An example of a layer in MITRE Navigator

Issue tracking (Jira, etc.): Each detection rule or playbook is tracked in a ticketing system. Many teams use Jira, creating an issue per detection use case or ATT&CK technique. For example, Atlassian’s security team builds a Jira ticket for every new detection play and uses Jira as the “single source of truth” for all their detection content. Tools like attack2jira automate populating a Jira project with all ATT&CK techniques as issues, so teams can attach our existing rules to the right technique in a structured manner. This ensures nothing falls through the cracks as the number of rules grows.
Documentation and collaboration: Alongside tickets, we maintain a wiki or Confluence with detection logic notes, tests, and runbooks. Each detection links to relevant threat intel and log examples. This shared knowledge base means multiple engineers and analysts understand each rule’s purpose and context. I am partial to Palantir's Alerting Detection Strategy Framework

By combining these strategies above we make the complexity manageable. We can answer questions like “do we have a behavioral detection for suspicious GCP API calls similar to our AWS rule?” or “which rules cover the T1078 (valid accounts) technique across all clouds?”. In a well-ordered program, every ATT&CK technique we care about has at least one detection (atomic or behavioral) assigned, and every detection has a ticket and documentation.
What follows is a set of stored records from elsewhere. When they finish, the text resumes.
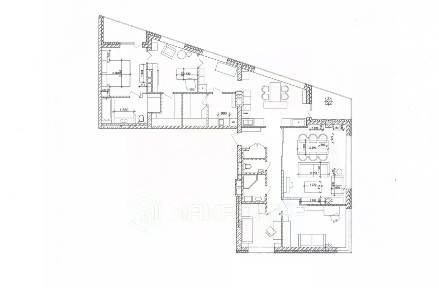 Продается 5-комн. квартира, 147 м²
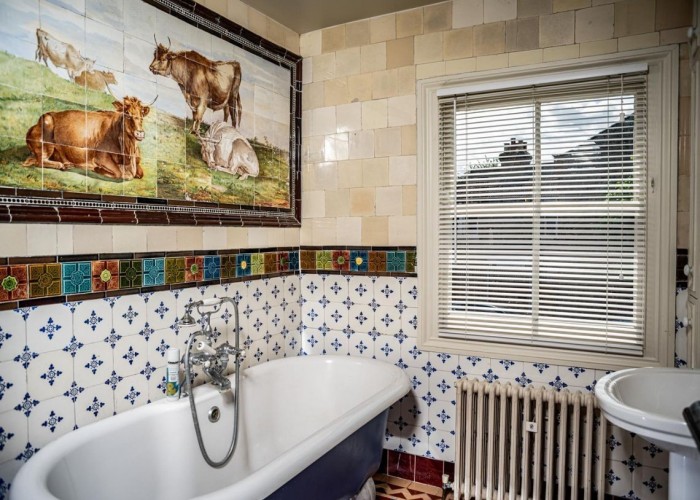 17. Bathroom (Roll Top)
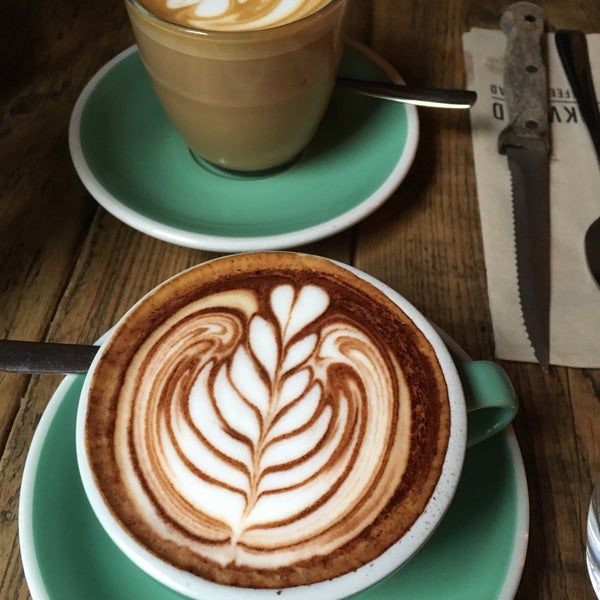 11/12/2016 tarihinde Jonathan L.ziyaretçi tarafından Brickwood Coffee &amp; Bread'de çekilen fotoğraf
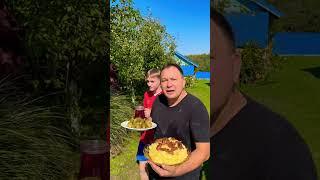Що їдять на обід священники?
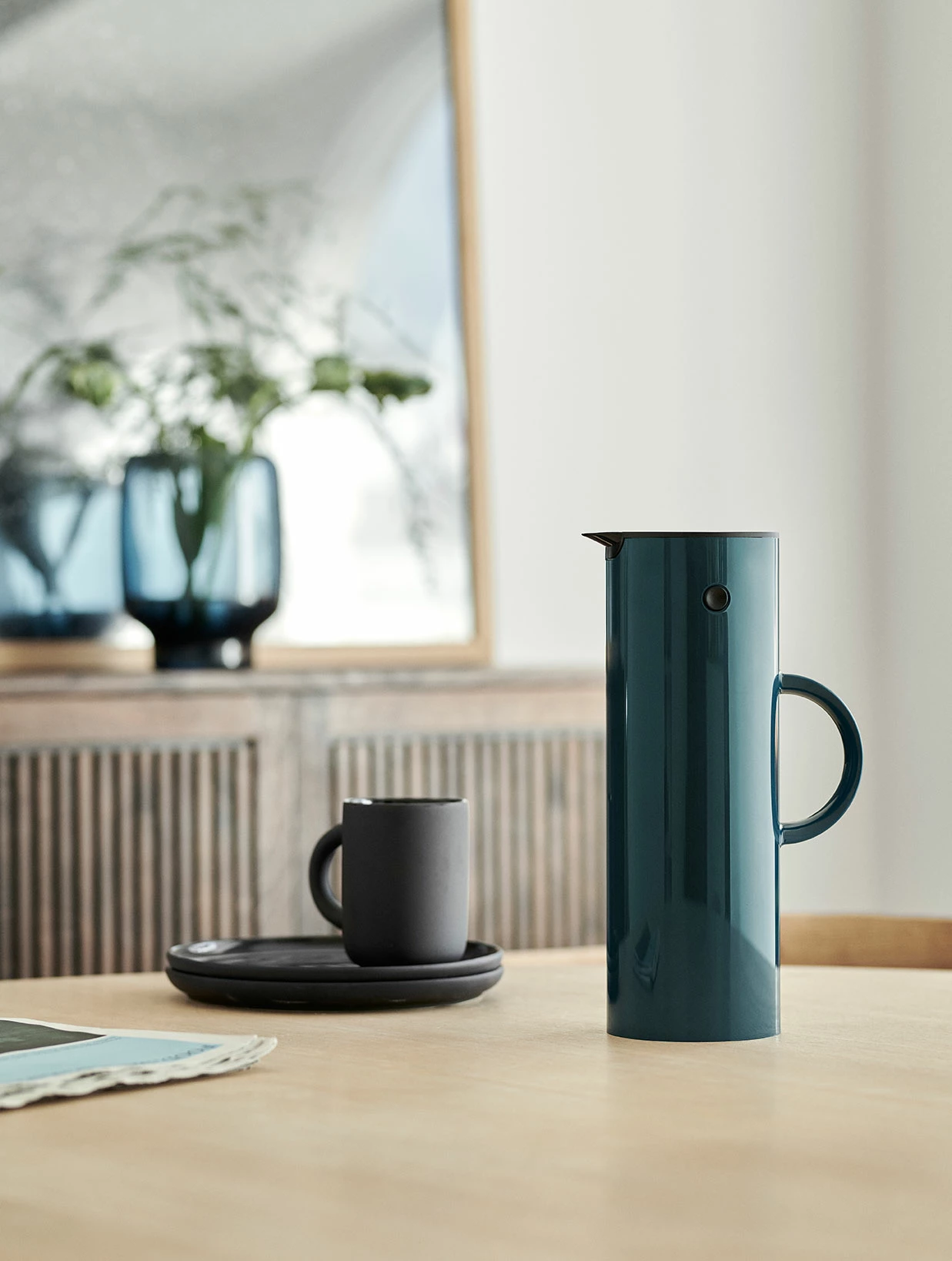 Isolierkannen Stelton EM77 Isolierkanne 1,0ltr. Light Grey/ Hellgrau 918 2 Isolierkannen Stelton EM77 Isolierkanne 1,0ltr. Light Grey/ Hellgrau 918 – Bild 2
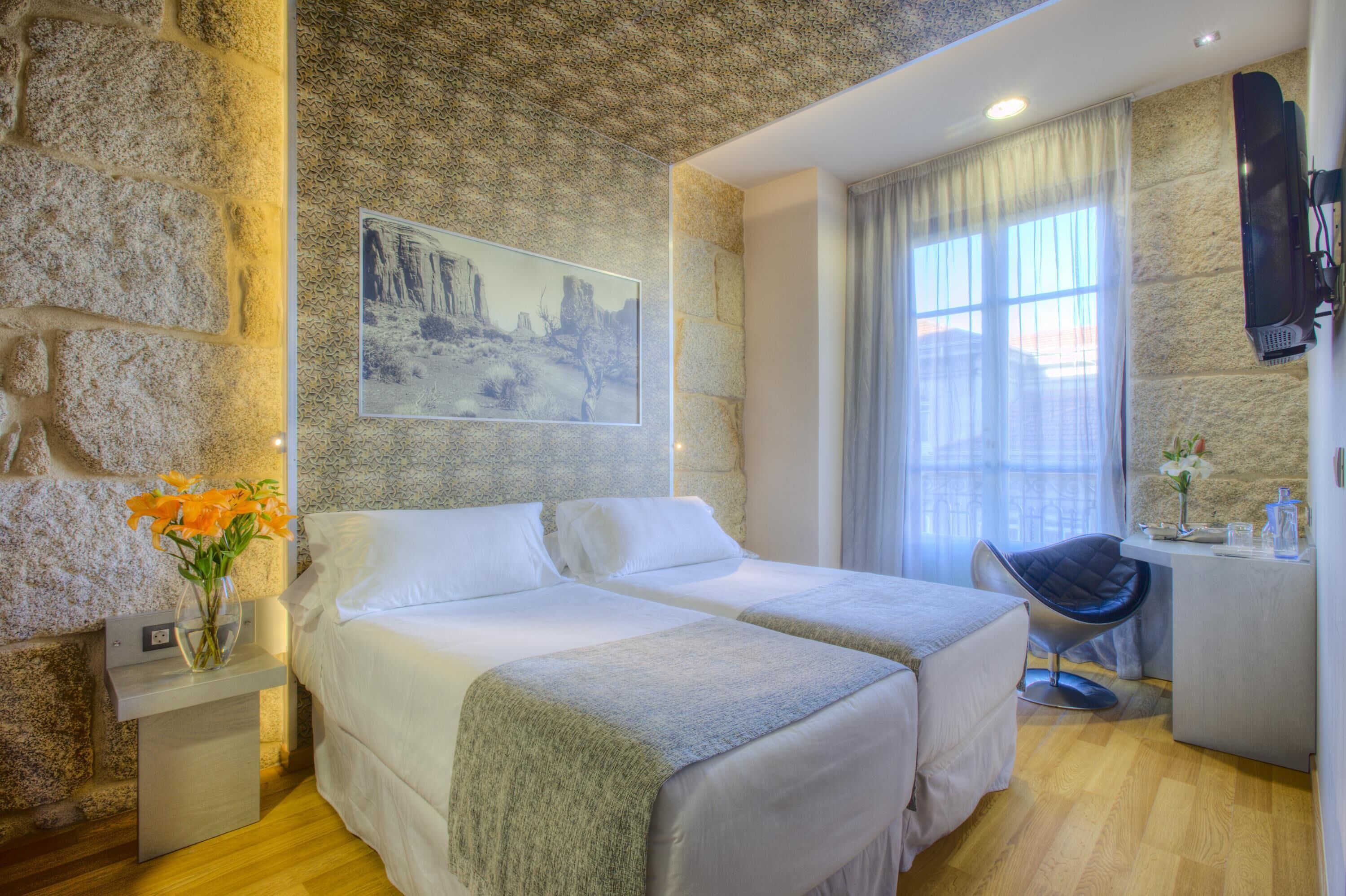 Minibar, caja fuerte, escritorio y cortinas opacas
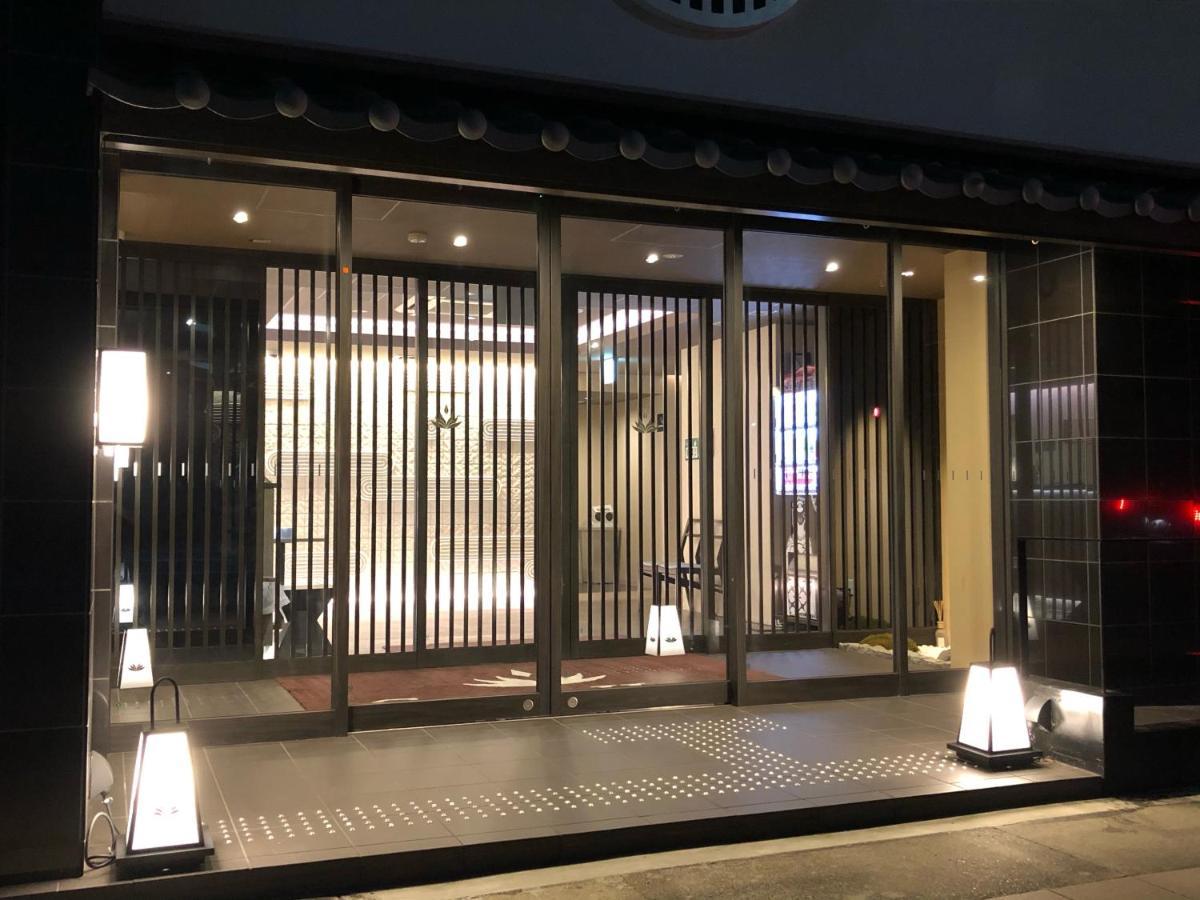 Crystal ⅲ Hotel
Additionally, we lean on cloud-native threat tools to lighten the load. GuardDuty, Azure Defender (Microsoft Defender for Cloud), and similar services emit high-fidelity alerts on many identity abuses. Platforms like Wiz Defend (and others) also specialize in surfacing cloud-specific indicators and anomalous behaviors. Integrating these into our SOC reduces the need for us to hand-craft every rule from scratch. Still, we validate and often complement them with our own detections, especially for edge cases.

In the end, managing multi-cloud detection is as much a process problem as a technical one. It’s about clear ownership, up-to-date coverage matrices, and good hygiene (reviewing stale rules, tuning, etc.). We should know who is working each platform, what behaviors we’re watching for, and where any gaps remain. That structured approach pays off when an incident happens: the analyst can quickly see if this behavior is already covered by an existing detection or if we need to write a new one.

Detecting cloud identity abuse is challenging, but by thinking in terms of attacker behavior and using common frameworks, we can build a resilient, multi-cloud detection capability. In Part 1 we did this for IdPs and user sign-ins; here in Part 2 we extend it to the cloud platforms themselves, always aiming for the top of the Pyramid of Pain with our detections.